Wall Street y sus doce tiburones

En los años 80, el objetivo era comprar una empresa sin poner dinero. Para eso estaban los bonos basura. Un bono basura es un bono que no tiene calificación de inversión por las agencias de calificación de riesgos, es decir, las Moody’s, Standard and Poor’s o Fitch IBCA -entre otras- que, por más que ahora les culpemos de todo, hacen el trabajo que los reguladores -incluyendo bancos centrales- no han querido asumir porque, en el fondo, era eso, mucho trabajo.

Esa es una de las explicaciones de muchos fraudes: la pereza. Pereza de los inversores y pereza de los reguladores. Bernard Madoff estafó US$65.000 millones por el simple mecanismo de pagar los intereses de unos con el capital de los otros. En sus balances había inversiones en activos que no existían. Nadie se dio cuenta.

Con el mismo sistema, Allen Stanford estafó US$5.000 millones y logró que el príncipe Eduardo de Inglaterra le nombrara caballero de la ex colonia de Antigua y Barbuda.

La pereza es peligrosa con las inversiones de alto riesgo como los bonos basura, porque estos giraban en torno a este concepto: los beneficios que generara la empresa que se iba a comprar se iban a destinar a pagar a los que habían comprado los bonos emitidos para adquirir la compañía. Si la compañía no generaba lo suficiente, se troceaba y se vendía a cachitos. Es lo que quiere hacer el protagonista de las dos películas ‘Wall Street’, Gordon Gekko, cuando, con la ayuda de Bud, intenta hacerse con Bluestar Airlines.

Suena a especulación salvaje pero, en realidad, todos estamos en la liga de Gordon Gekko. ¿Cuántos españoles compraron una casa para alquilarla «y, si no, la vendo, porque va a seguir subiendo»? Lo hicieron en los 90 y en la primera década del siglo XXI, una época, teóricamente, más segura, en la que el capitalismo de comprar sin pagar parecía extinguirse. Michael Milken, el rey de los bonos basura, tuvo que pagar una multa de casi US$544 millones. Charles Keating, que, con la ayuda de cinco senadores de EE.UU., había levantado un imperio bancario e inmobiliario en el sureste del país, acabó en la cárcel. Los 90 eran la época del nacimiento de una nueva era. No era especulación. Ahora había algo real en lo que invertir: la revolución tecnológica.

Pero esa revolución vino con su propia oleada de fraude. En la época de las puntocom la clave era atraer el interés de los inversores. Y para ello había que maquillar los balances con botox contable, con el objetivo de que las empresas parecieran mejor de lo que estaban.
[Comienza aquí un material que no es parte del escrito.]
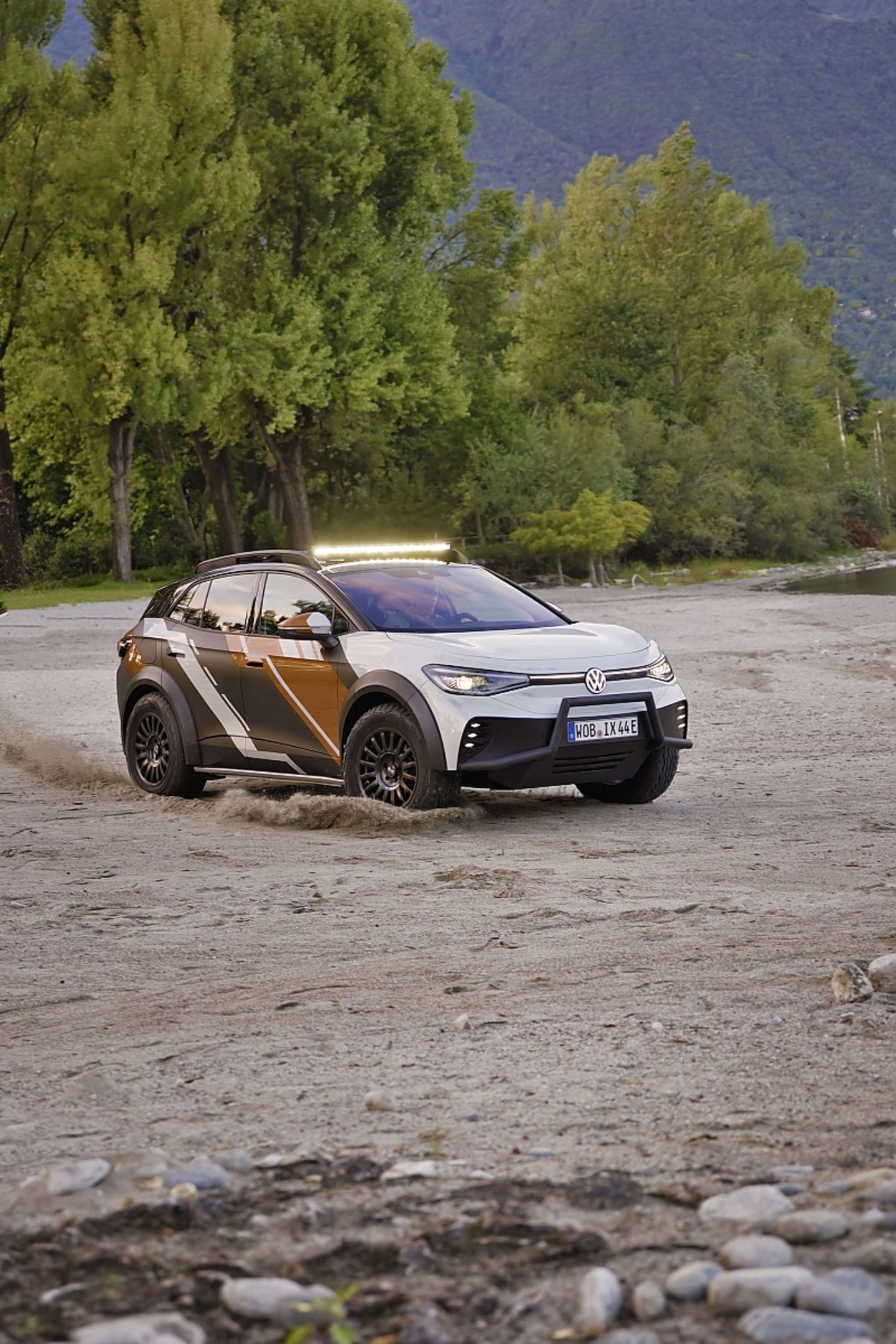VW ID Extreme Concept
John Rigas infló el valor de su cadena de televisión por cable, Adelphia, en US$2.300 millones. Ken Lay aparcó US$3.200 millones en pérdidas del gigante de la energía Enron en empresas ficticias creadas en paraísos fiscales. El récord lo batió Bernie Ebbers, que infló el valor de los activos de WorldCom, una de las mayores telefónicas del mundo -aliada, entre otras, de Telefónica-, en US$11.000 millones.

Esos excesos parecen cosa de aficionados comparados con lo que vino después: la era dorada de la titulización, es decir, del arte de convertir algo que no tiene liquidez y, por tanto, no se puede comprar o vender, en otra cosa que sí, y que debido a ello es susceptible de ser intercambiada.

Es lo que hace un banco cuando empaqueta varios créditos hipotecarios y se los vende a otro. Y ése a otro. Y así sucesivamente. De paso, esos bancos van creando más activos basados en esos activos. Son activos sintéticos, porque cualquier parecido con el mundo real -las hipotecas, las casas, los créditos- ha sido eliminado. Físicos, matemáticos y astrónomos diseñan, compran y venden esos activos. Ellos controlan los bancos y ganan más dinero que los directivos. Cuando Bear Stearns empezó a hundirse, su consejero delegado, James Cayne, no se molestó en cancelar su asistencia a un torneo de bridge en Memphis en el que, según el diario ‘The Wall Street Journal’, no paró de fumar marihuana. No consta que nadie le echara en falta en la sede del banco en Nueva York.